The PPIHC has established this fund to help ensure the financial security of his two daughters, Jacquelyn,26, and Melissa, 23. It is also important to Jacquelyn and Melissa that motorcycle safety on Pikes Peak continue to improve. A portion of the funds raised will be donated back to the Pikes Peak International Hill Climb by Jacquelyn and Melissa and it will go toward continued motorcycle safety efforts on Pikes Peak.
Goodin lived in Flower Mound, TX, and was making his second appearance at the Pikes Peak International Hill Climb when the tragedy occurred. He took third place in 2013 in the 1205 Pro Motorcycle Class.
"Despite the emotional strain and grief on the part of Bobby Goodin's family, friends and crew, each of them has been clear that they want the donations to this special fund to go to improved safety for all motorcycle riders," said Pikes Peak International Hill Climb Chairman of the Board Tom Osborne."
"All of us who are proud of this unique event are sharing in the grief and sadness over the loss of a tremendous competitor who came to Pikes Peak determined to win, but lost his life in the process. We continue to mourn his untimely loss, and will work with his wonderful family to create systems that produce maximum safety for all motorcycle riders who come to Colorado Springs to challenge America's Mountain."
"Bobby Goodin was a talented man who loved the sport of motorcycle racing. While he was fully aware of the risks that make Pikes Peak what it is, he loved ever moment of the two years he competed on the mountain. He was fascinated and drawn to its uniqueness," said Goodin's manager Kevin Brunson.
"We talked frequently about how Pike's Peak bonds it's competitors together," said Brunson.They are all people who know by the end of the practice week that this mountain is so beautiful, yet so unforgiving.
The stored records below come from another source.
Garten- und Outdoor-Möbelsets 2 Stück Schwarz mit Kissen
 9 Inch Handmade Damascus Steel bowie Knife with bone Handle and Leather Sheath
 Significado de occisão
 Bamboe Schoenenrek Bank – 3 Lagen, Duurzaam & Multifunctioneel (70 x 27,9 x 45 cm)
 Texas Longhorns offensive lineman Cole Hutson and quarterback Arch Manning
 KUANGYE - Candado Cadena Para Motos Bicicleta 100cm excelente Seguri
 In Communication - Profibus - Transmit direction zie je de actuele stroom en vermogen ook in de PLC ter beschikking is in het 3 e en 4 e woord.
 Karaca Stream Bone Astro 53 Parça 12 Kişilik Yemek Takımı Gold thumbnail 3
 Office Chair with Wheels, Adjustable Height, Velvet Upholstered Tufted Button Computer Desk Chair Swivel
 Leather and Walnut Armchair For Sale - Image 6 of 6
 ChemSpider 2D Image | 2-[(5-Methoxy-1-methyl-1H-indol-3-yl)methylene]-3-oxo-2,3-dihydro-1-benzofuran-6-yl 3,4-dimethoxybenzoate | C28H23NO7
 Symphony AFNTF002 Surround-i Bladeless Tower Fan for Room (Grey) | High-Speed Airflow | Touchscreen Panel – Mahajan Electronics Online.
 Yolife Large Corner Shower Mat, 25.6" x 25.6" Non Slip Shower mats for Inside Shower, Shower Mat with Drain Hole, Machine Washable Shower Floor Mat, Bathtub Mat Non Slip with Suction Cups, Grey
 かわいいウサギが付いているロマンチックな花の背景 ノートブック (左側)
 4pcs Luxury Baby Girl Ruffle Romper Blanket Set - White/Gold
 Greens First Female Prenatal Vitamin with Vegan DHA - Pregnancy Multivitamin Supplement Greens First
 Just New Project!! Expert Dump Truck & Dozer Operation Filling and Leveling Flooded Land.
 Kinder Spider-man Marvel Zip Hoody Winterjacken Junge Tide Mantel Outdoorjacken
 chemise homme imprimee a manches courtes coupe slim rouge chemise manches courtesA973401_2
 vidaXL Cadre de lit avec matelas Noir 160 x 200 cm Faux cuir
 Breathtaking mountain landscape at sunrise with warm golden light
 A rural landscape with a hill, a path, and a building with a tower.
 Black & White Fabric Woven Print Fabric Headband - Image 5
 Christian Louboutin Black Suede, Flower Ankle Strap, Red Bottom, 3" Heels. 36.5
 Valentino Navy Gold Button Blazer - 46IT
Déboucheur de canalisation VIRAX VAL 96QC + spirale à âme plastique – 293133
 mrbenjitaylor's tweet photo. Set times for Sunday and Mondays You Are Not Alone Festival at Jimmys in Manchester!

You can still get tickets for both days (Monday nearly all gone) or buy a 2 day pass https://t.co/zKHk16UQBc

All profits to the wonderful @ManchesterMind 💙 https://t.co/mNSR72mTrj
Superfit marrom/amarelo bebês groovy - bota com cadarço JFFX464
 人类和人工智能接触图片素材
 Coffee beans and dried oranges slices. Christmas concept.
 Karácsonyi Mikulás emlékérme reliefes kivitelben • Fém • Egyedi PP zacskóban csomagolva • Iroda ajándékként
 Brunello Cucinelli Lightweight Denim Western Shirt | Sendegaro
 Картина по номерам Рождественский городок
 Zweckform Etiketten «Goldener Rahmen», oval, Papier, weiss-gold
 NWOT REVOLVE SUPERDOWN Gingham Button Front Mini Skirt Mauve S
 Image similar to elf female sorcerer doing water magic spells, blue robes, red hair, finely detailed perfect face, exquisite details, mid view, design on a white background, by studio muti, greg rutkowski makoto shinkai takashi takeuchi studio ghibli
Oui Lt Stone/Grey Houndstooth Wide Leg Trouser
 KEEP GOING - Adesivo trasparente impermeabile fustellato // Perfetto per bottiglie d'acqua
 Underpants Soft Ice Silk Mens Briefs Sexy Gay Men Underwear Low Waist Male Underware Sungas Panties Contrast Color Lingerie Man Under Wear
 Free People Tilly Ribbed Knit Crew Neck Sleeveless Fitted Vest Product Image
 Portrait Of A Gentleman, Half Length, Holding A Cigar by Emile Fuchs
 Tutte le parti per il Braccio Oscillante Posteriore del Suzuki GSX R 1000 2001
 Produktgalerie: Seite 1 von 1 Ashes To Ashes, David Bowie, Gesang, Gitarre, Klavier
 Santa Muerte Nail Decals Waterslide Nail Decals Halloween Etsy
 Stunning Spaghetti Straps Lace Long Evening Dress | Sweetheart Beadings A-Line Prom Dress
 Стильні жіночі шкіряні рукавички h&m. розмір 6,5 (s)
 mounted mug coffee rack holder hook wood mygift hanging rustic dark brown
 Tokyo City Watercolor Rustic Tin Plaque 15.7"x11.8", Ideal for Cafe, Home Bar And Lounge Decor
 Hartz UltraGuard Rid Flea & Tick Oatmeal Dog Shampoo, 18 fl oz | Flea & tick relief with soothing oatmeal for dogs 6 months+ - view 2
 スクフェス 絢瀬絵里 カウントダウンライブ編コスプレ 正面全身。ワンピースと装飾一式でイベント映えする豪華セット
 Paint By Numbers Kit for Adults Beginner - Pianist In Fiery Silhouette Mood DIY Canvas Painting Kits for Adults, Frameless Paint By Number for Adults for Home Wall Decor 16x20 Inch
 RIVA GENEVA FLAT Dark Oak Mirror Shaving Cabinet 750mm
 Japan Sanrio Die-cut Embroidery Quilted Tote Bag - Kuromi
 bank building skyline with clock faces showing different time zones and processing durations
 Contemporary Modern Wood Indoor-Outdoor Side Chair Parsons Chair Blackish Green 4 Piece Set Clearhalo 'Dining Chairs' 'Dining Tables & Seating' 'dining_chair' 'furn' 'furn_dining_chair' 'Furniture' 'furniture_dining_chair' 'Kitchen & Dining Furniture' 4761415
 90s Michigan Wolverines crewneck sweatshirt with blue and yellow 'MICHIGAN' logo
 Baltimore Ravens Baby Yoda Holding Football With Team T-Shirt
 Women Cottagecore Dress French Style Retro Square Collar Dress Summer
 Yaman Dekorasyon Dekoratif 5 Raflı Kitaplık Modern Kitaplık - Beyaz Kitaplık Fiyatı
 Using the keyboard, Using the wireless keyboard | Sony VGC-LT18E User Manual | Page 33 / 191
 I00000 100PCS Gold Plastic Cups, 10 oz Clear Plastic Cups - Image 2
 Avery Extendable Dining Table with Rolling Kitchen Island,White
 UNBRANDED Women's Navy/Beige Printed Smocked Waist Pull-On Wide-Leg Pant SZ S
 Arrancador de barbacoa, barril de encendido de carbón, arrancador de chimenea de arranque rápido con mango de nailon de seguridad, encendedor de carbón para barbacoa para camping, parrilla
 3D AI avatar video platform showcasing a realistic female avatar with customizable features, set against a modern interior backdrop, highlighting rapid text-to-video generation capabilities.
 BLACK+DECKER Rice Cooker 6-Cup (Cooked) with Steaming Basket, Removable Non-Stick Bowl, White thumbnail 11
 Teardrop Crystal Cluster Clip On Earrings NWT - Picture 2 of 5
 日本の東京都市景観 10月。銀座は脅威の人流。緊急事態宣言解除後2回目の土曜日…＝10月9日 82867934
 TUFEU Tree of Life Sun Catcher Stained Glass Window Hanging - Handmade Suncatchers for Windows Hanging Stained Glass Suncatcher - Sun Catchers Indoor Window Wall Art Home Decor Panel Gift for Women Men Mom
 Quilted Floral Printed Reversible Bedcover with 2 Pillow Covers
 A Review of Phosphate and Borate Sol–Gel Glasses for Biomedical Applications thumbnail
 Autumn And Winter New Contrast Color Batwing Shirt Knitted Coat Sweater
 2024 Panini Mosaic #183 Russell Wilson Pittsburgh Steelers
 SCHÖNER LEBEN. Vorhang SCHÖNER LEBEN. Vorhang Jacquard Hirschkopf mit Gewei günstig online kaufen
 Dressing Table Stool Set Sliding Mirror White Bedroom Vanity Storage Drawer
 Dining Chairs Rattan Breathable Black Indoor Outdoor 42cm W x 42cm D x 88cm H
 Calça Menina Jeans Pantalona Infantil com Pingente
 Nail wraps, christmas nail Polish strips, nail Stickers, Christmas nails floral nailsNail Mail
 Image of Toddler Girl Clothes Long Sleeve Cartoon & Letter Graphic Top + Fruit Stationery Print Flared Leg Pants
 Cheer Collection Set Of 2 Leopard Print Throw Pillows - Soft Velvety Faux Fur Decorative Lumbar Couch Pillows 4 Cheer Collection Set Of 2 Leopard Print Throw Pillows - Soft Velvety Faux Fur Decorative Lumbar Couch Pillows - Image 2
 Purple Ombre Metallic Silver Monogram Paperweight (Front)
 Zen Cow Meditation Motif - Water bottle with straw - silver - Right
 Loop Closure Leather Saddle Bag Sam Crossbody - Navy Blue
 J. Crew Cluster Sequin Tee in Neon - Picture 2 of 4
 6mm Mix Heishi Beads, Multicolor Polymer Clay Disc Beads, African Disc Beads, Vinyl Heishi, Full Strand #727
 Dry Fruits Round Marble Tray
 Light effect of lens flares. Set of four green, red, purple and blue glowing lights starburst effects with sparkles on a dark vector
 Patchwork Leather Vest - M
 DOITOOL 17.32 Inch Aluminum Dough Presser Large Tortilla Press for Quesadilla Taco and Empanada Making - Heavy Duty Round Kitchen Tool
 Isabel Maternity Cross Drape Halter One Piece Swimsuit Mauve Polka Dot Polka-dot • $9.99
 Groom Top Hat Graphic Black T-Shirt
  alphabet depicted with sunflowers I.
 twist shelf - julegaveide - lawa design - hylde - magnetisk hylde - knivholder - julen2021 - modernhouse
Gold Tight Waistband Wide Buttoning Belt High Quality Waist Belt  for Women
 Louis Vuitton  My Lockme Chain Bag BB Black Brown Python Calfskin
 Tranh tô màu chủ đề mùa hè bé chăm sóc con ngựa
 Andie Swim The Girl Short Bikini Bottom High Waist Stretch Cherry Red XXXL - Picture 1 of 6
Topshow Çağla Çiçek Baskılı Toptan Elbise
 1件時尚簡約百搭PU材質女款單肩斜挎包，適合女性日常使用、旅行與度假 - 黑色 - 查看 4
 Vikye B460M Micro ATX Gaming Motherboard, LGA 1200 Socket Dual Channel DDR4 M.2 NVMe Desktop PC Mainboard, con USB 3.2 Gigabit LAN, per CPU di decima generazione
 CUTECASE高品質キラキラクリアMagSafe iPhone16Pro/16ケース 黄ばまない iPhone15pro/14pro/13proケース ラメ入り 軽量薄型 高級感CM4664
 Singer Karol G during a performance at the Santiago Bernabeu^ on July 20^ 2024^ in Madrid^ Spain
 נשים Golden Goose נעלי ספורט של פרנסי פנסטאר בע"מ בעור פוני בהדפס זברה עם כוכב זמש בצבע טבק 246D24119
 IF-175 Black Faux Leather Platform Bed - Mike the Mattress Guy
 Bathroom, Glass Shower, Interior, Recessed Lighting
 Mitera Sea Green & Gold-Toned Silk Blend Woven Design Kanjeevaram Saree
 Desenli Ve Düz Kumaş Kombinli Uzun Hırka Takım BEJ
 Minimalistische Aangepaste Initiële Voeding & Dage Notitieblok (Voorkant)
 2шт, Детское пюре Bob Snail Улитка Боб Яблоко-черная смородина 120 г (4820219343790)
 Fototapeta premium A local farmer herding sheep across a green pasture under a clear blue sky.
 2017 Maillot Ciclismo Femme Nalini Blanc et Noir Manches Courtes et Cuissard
The Goodin family is certain Bobby would want Pikes Peak to remain the pinnacle of racing that he thought it is, and keeping the motorcycle racer's as a safe as possible is something he would be proud of his daughters for doing."
"Our friend Bobby knew the joy of finishing and competing well, and that will bring all of us comfort as we deal with his loss," Brunson said in a statement. "Even though many might consider this a tragic day with a needless death, those lucky enough to compete at Pikes Peak on a day like (Sunday) knows even (Sunday) was a wonderful celebration of life for every competitor.